Pedro,
On Wed, Dec 14, 2022 at 12:24:42PM -0600, Scott Cheloha wrote:
> On Wed, Dec 14, 2022 at 11:37:14AM +0000, Pedro Caetano wrote:
> > Hi bugs@
> >
> > In the process of upgrading a pair of servers to release 7.2, the following
> > panic was triggered after sysupgrade reboot. (dell poweredge R740)
> >
> > One of the reboots happened before syspatch, the other happened after
> > applying the release patches.
> >
> > After powercycling, both servers managed to boot successfully.
> >
> > Please keep me copied as I'm not subscribed to bugs@
> >
> >
> > Screenshot of the panic uploaded attached to this email.
>
> For reference:
>
> cpu2: 32KB 64B/line 8-way D-cache, 32KB 64b/line 8-way I-cache, 1MB 64b/line
> 16-way L2 cache, 8MB 64b/line 11-way L3 cache
> cpu2: smt 0, core 5, package 0
> panic: tsc_test_sync_ap: cpu2: tsc_ap_name is not NULL: cpu1
> panic: tsc_test_sync_ap: cpu2: tsc_ap_name is not NULL: cpu1cpu3 at mainbus0:
> apid 26 (application process
>
> Somehow your machine is violating one of the TSC sync test sanity
> checks. The idea behind this one is that there should only be one AP
> in the sync test at a time.
>
> At the start of each test, in tsc_test_sync_ap(), the AP sets
> tsc_ap_name to its dv_xname. It does this with an atomic CAS
> expecting NULL to ensure no other AP is still running the sync test.

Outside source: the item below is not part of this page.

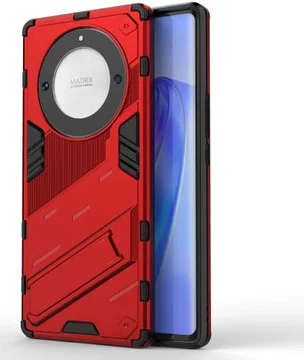 Honor Magic5 Lite Hoesje Shockproof Kickstand Back Cover Rood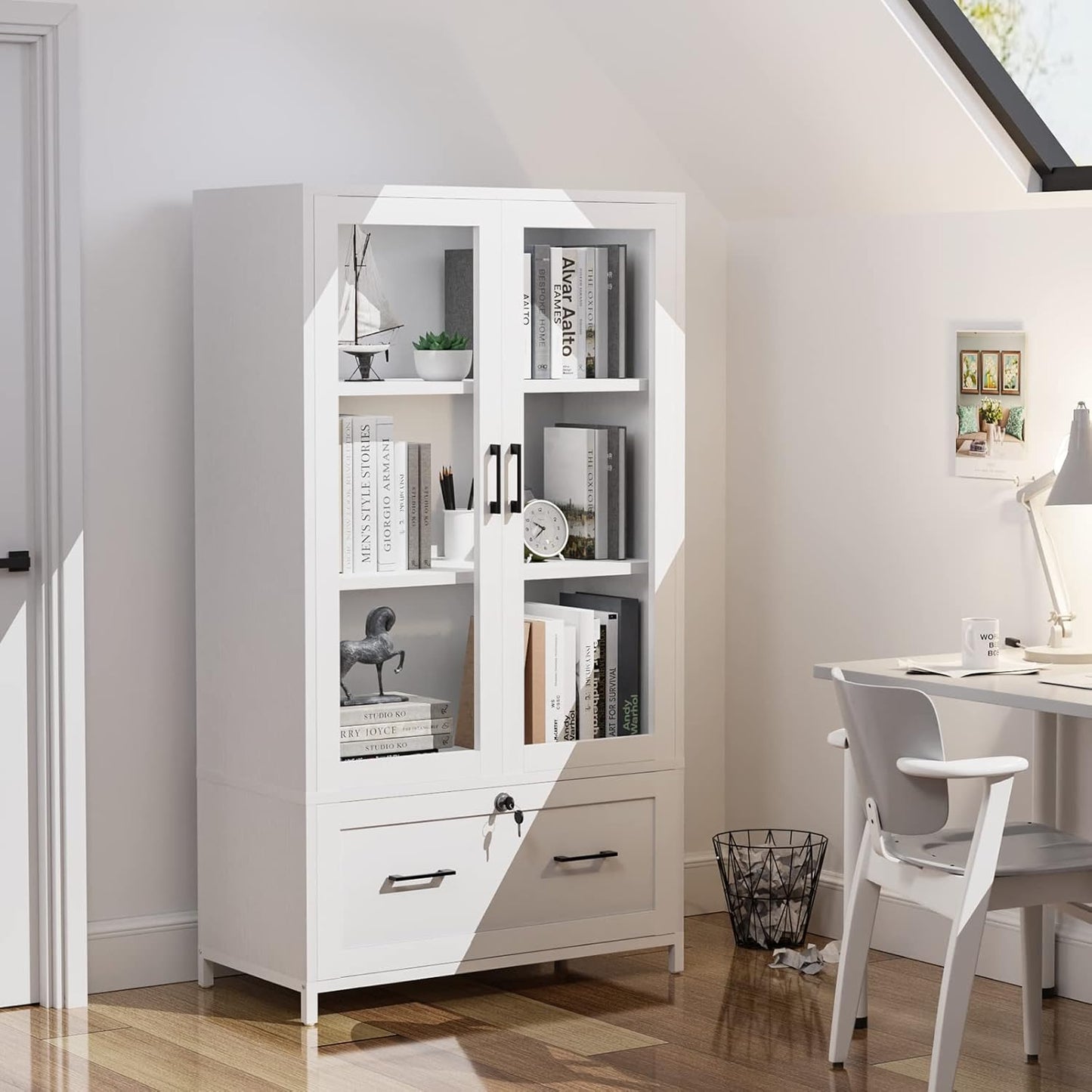 VINGLI Lateral File Cabinet - Glass Doors & Locking Drawer for Hanging Files | White, 30"W x 16"D x 55"H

> You're hitting this panic:
>
> 449 void
> 450 tsc_test_sync_ap(struct cpu_info *ci)
> 451 {
> 452 if (!tsc_is_invariant)
> 453 return;
> 454 #ifndef TSC_DEBUG
> 455 if (!tsc_is_synchronized)
> 456 return;
> 457 #endif
> 458 /* The BP needs our name in order to report any problems. */
> 459 if (atomic_cas_ptr(&tsc_ap_name, NULL, ci->ci_dev->dv_xname)
> != NULL) {
> 460 panic("%s: %s: tsc_ap_name is not NULL: %s",
> 461 __func__, ci->ci_dev->dv_xname, tsc_ap_name);
> 462 }
>
> The BP is supposed to reset tsc_ap_name to NULL at the conclusion of
> every sync test, from tsc_test_sync_bp():
>
> 415 /*
> 416 * Report what happened. Adjust the TSC's quality
> 417 * if this is the first time we've failed the test.
> 418 */
> 419 tsc_report_test_results();
> 420 if (tsc_ap_status.lag_count ||
> tsc_bp_status.lag_count) {
> 421 if (tsc_is_synchronized) {
> 422 tsc_is_synchronized = 0;
> 423 tc_reset_quality(&tsc_timecounter,
> -1000);
> 424 }
> 425 tsc_test_rounds = 0;
> 426 } else
> 427 tsc_test_rounds--;
> 428
> 429 /*
> 430 * Clean up for the next round. It is safe to reset
> the
> 431 * ingress barrier because at this point we know the
> AP
> 432 * has reached the egress barrier.
> 433 */
> 434 memset(&tsc_ap_status, 0, sizeof tsc_ap_status);
> 435 memset(&tsc_bp_status, 0, sizeof tsc_bp_status);
> 436 tsc_ingress_barrier = 0;
> 437 if (tsc_test_rounds == 0)
> 438 tsc_ap_name = NULL;
>
> It's possible the BP's store:
>
> tsc_ap_name = NULL;
>
> is not *always* globally visible by the time the next AP reaches the
> tsc_ap_name CAS, triggering the panic. If so, we could force the
> store to complete with membar_producer(). tsc_ap_name should be
> volatile, too.
>
> OTOH, it's possible this particular check is not the right thing here.
> My intention is correct... we definitely don't want more than one AP
> in the sync test at any given moment. But this tsc_ap_name handshake
> thing may be the wrong way to assert that.
Just following up on this. Have you seen the panic you reported again?